Par un arrêt rendu le 30 mars 2023, la troisième chambre civile s’aligne sur la conception dualiste de la deuxième chambre civile de la faute inassurable confirmant l’autonomie de la faute dolosive par rapport à la faute intentionnelle. Elle se définit comme un acte délibéré de l’assuré commis avec la conscience du caractère inéluctable de ses conséquences dommageables sur le fondement de l’article L. 113-1 du code des assurances.

L’article L. 113-1 du code des assurances dispose que « les pertes et les dommages occasionnés par des cas fortuits ou causés par la faute de l’assuré sont à la charge de l’assureur, sauf exclusion formelle et limitée contenue dans la police. Toutefois, l’assureur ne répond pas des pertes et dommages provenant d’une faute intentionnelle ou dolosive de l’assuré ». Au-delà des exclusions conventionnelles qui peuvent exister dans le contrat d’assurance, l’alinéa 2 prévoit deux cas d’exclusion légale permettant à l’assureur de refuser sa garantie : la faute intentionnelle et la faute dolosive de l’assuré.

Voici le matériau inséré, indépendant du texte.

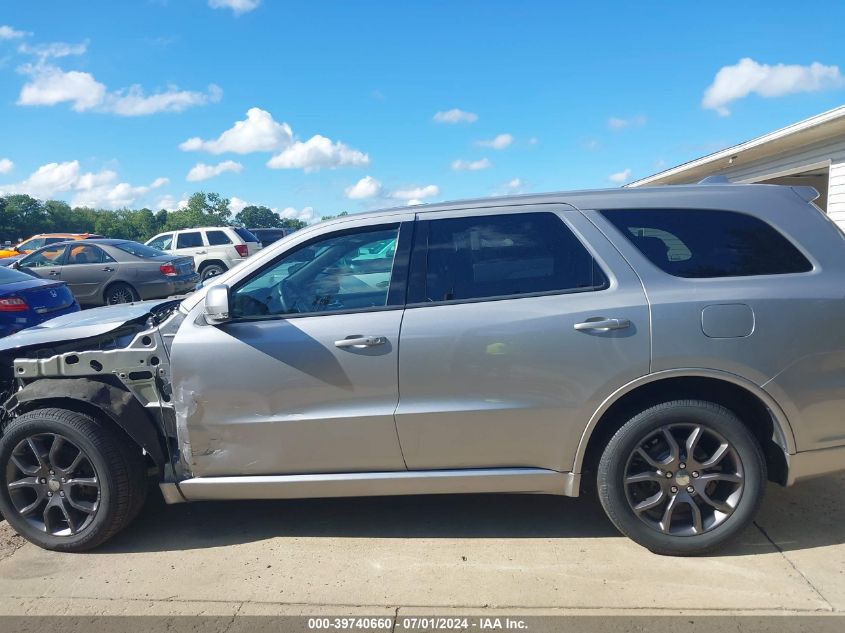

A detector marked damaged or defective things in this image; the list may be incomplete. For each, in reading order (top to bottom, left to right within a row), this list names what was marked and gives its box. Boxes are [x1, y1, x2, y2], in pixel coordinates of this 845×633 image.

crumpled hood [0, 298, 180, 354]
front-end collision damage [0, 298, 188, 486]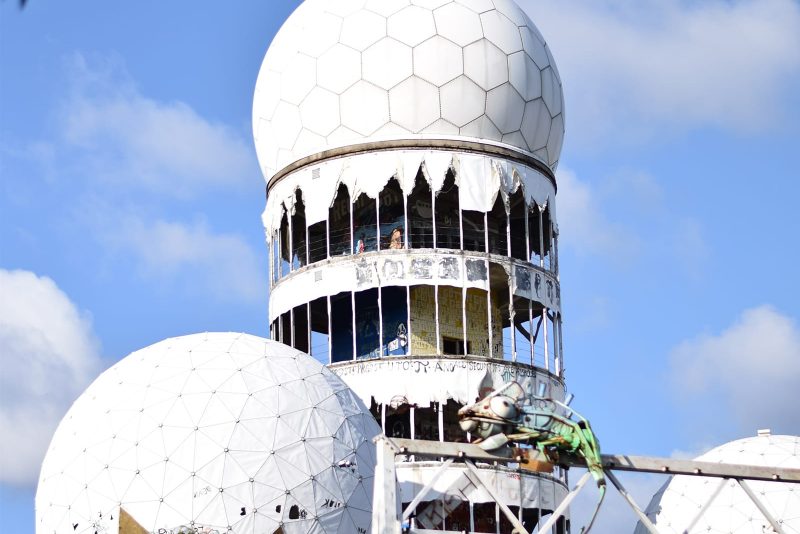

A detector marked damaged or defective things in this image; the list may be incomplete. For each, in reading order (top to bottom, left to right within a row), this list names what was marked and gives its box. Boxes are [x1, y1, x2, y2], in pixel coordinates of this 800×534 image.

torn white fabric [262, 152, 556, 242]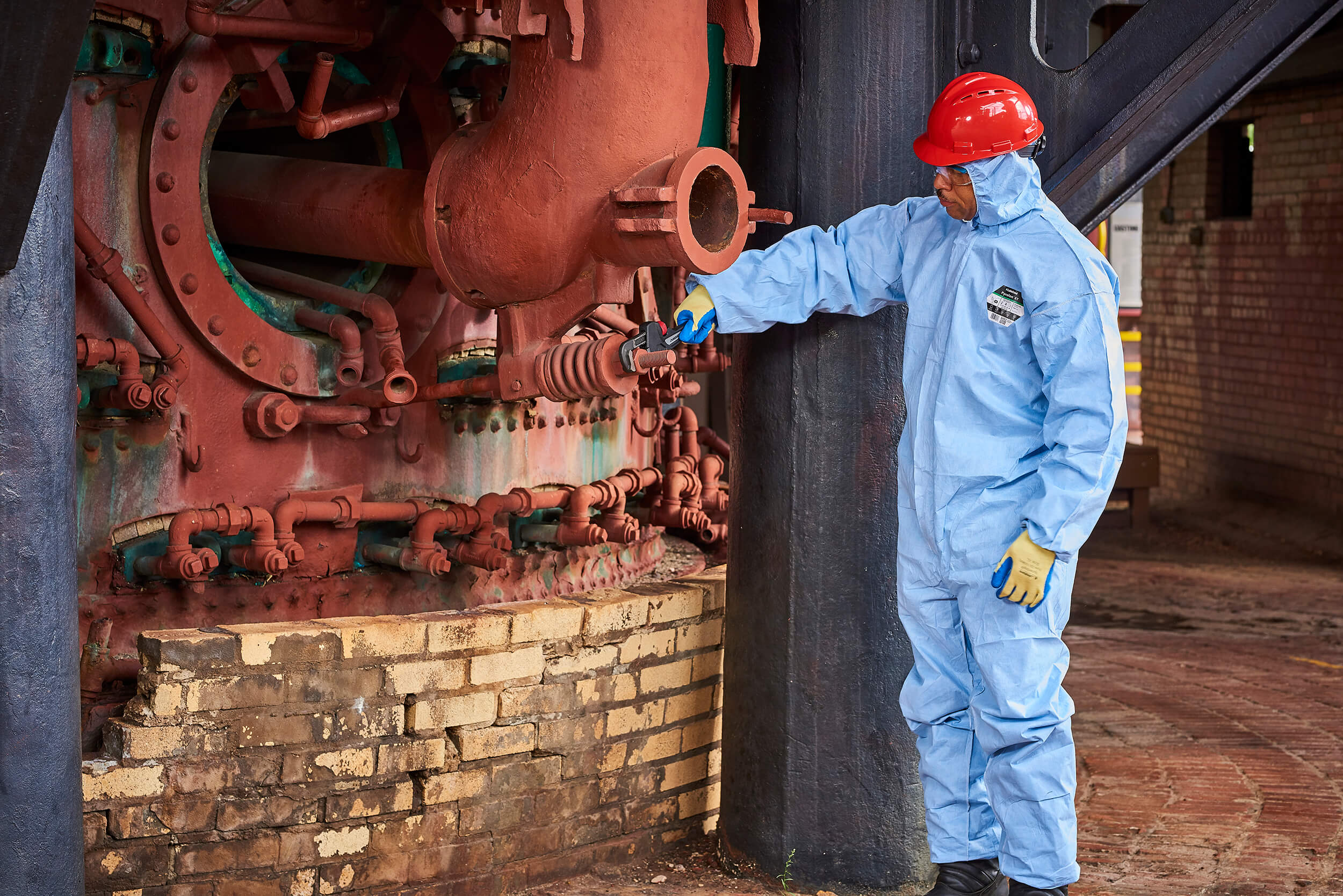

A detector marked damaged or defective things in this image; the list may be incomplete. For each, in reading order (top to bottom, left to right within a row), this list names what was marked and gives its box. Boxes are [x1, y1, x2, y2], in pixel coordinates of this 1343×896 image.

corroded pipe [75, 212, 189, 406]
rusty industrial machinery [63, 0, 774, 748]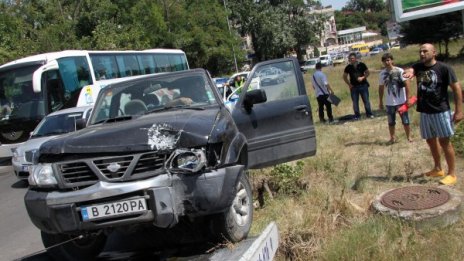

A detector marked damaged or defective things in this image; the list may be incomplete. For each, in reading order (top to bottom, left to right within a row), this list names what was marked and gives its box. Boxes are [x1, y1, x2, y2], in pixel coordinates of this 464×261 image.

De la conception moniste à la conception dualiste de la faute inassurable devant la deuxième chambre civile

La Cour de cassation a longtemps retenu une conception moniste de la faute inassurable (v. par ex. Civ. 1re, 10 déc. 1991, n° 90-14.218, RGAT 1992. 364) privant l’assuré du bénéfice de la garantie offerte par le contrat d’assurance en assimilant la faute dolosive à la faute intentionnelle. Il n’y avait pas de différence entre les deux notions. Dès lors, la faute intentionnelle, qui absorbait la faute dolosive, a été définie en jurisprudence, en raison de l’absence de définition légale, comme la volonté de l’assuré de commettre le dommage tel qu’il s’est réalisé (v. par ex. Civ. 2e, 23 sept. 2004, n° 03-14.389, D. 2005. 1324  ; ibid. 1317, obs. H. Groutel  ; RDI 2004. 517, obs. L. Grynbaum ). Il importe alors que l’assuré ait voulu non seulement l’action ou l’omission à l’origine du dommage mais aussi le dommage lui-même tel qu’il est survenu dans son entièreté. Une telle conception, particulièrement étroite de la faute inassurable, est favorable aux assurés et aux victimes car on observe souvent une différence entre le dommage effectivement réalisé et la volonté de le créer tel quel. Par exemple, l’incendie provoqué par des collégiens en mettant le feu à une façade recouverte de vigne vierge de leur établissement scolaire, dans le seul but de gêner l’administration, mais qui se propage à tout le collège n’est pas constitutif d’une faute intentionnelle dans la mesure où ces adolescents n’avaient pas souhaité aboutir à un tel dommage (Civ. 1re, 21 juin 1988, n° 86-15.819).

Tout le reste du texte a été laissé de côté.